== Aim of the exercise ==
Print the entries exactly; skip the pictures.

── Available data ──

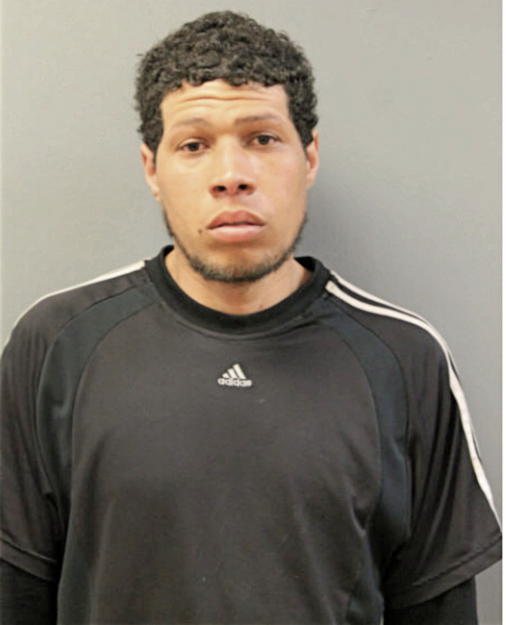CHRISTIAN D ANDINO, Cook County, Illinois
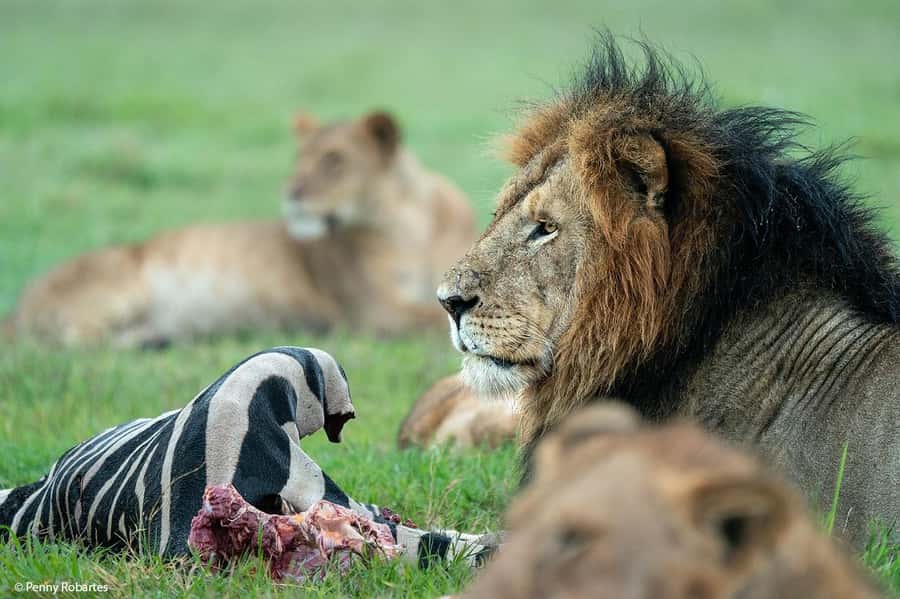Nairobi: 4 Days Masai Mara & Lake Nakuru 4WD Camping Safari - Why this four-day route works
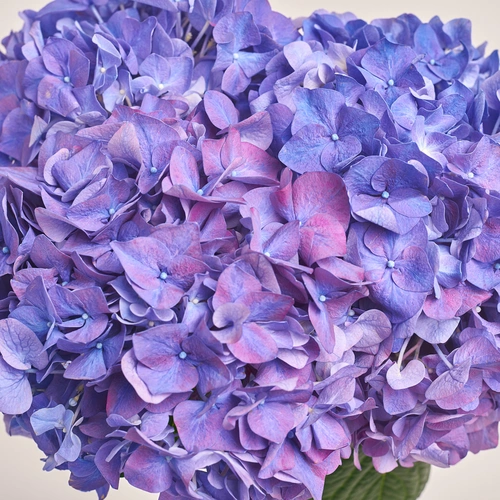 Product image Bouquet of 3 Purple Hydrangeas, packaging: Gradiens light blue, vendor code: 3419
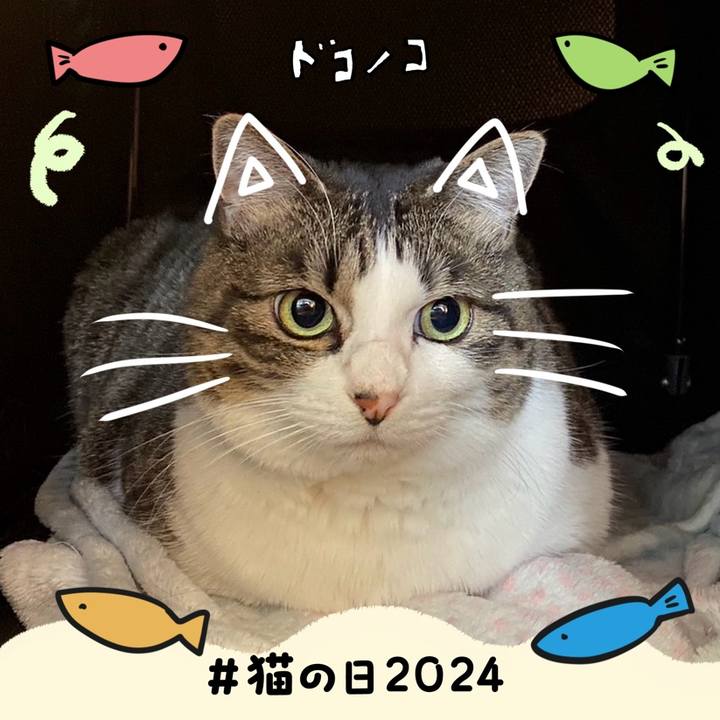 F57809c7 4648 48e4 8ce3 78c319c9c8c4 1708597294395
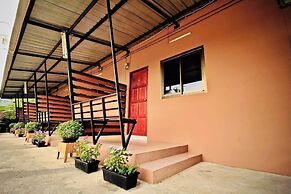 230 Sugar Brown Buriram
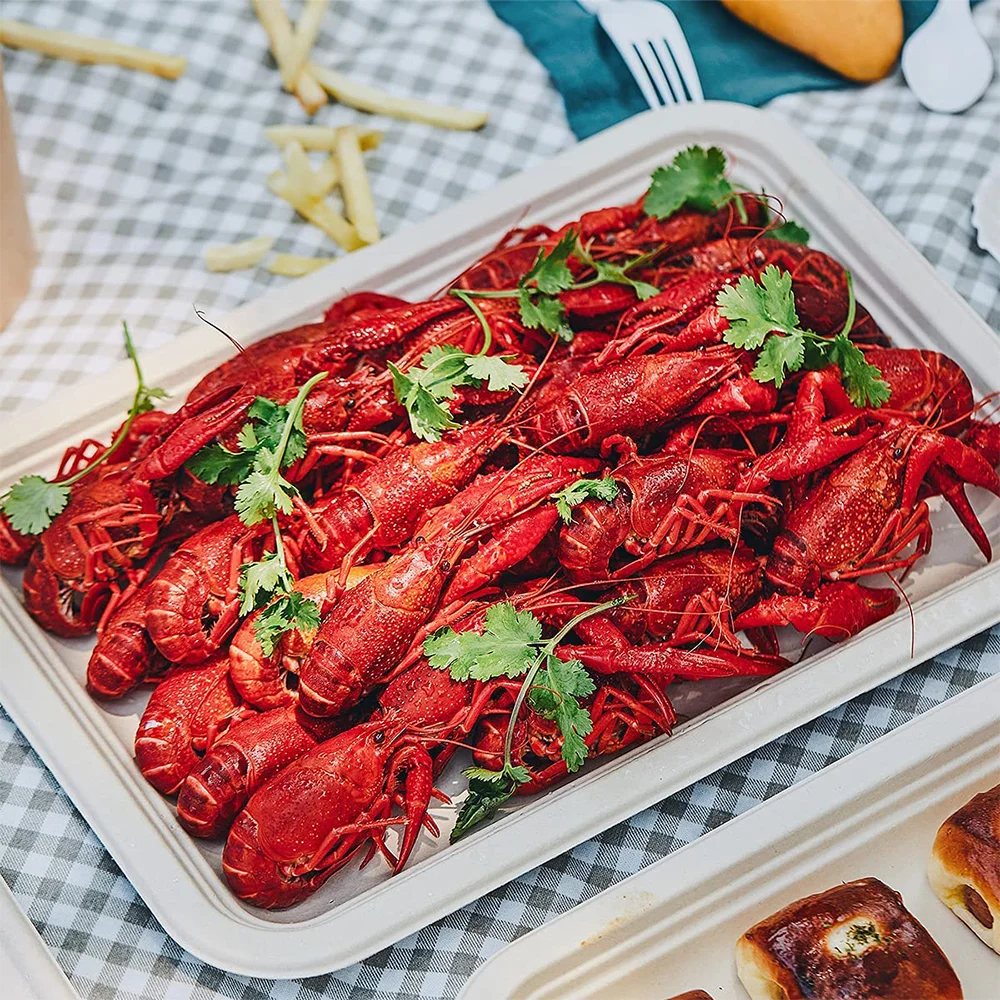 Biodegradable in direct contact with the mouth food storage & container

───

== Exercise response ==
CHRISTIAN D ANDINO, Cook County, Illinois
Nairobi: 4 Days Masai Mara & Lake Nakuru 4WD Camping Safari - Why this four-day route works
 Product image Bouquet of 3 Purple Hydrangeas, packaging: Gradiens light blue, vendor code: 3419
 F57809c7 4648 48e4 8ce3 78c319c9c8c4 1708597294395
 230 Sugar Brown Buriram
 Biodegradable in direct contact with the mouth food storage & container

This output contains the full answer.